Durante suas viagens,
Smith faz peregrinações aos túmulos dos escritores que ela admira: Brecht,
Plath, Rimbaud, Genet. Os fantasmas desses artistas assombram essas páginas,
assim como os espíritos de seus amados esposo e irmão. E uma melodia sombria de
perda trilha seu caminho por esse volume. Seu casaco favorito ― perdido. Seu
livro predileto de Murakami ― esquecido no banheiro do aeroporto. Sua máquina
fotográfica mais querida — deixada numa praia.
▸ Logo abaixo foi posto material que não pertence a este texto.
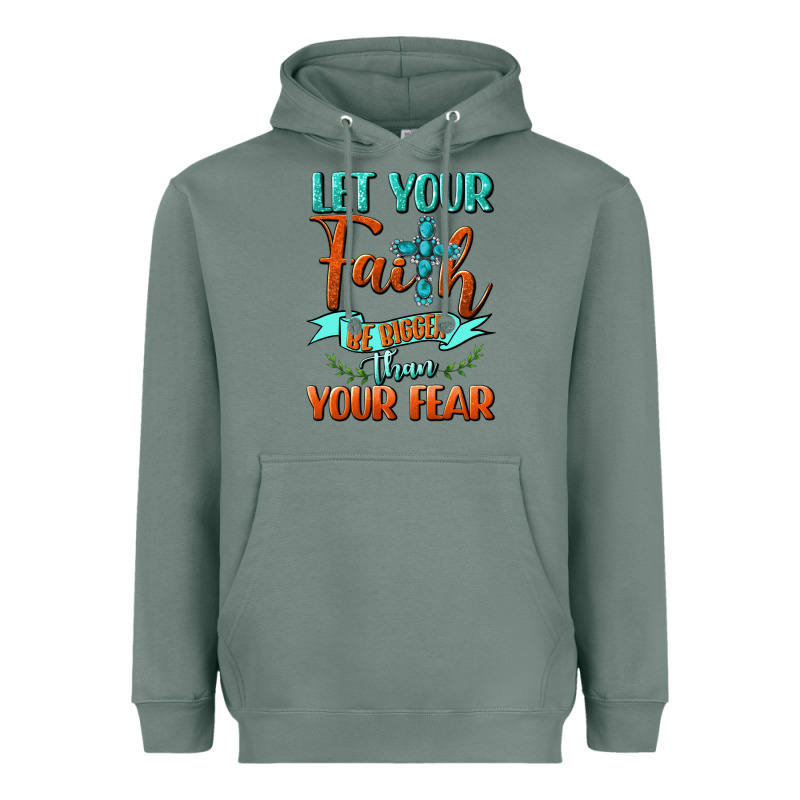 Let Your Faith Be Bigger Than Your Fear Heavyweight Hoodie by BundleAndBundleShop | Teevron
Seu café favorito do bairro ―
fechado. Smith compra uma pequenina casa perto da praia de Rockaway, no Queens,
e enquanto ela de algum modo sobrevive à passagem do furacão Sandy, Smith
contempla a miríade de perdas de seus vizinhos — o passeio reduzido a farpas, o
café de um amigo, destruído, centenas de casas totalmente destruídas ou
inundadas.
Foto: divulgação |
Se Só garotos era sobre
os primeiros passos de uma artista e sobre se estabelecer no mundo, Linha M dá
mais a impressão de um olhar para o passado por um espelho retrovisor. Smith
escreve sobre sentir “saudades de como as coisas eram”, sobre fantasmas nos
impedindo de viver o presente, sobre cantar “What a wonderful world” para Fred
em seu velório, e sobre perceber que ela é agora mais velha que Fred quando ele
morreu — e mais velha que muitos dos seus amigos falecidos.
“Vou me lembrar de
tudo”, ela reflete, “e vou escrever tudo isso. Uma ária a um casaco. Um réquiem
a uma cafeteria.” Uma eloquente — e profundamente comovente — elegia para o que
ela “perdeu e não consegue mais achar”, mas que pode rememorar em palavras.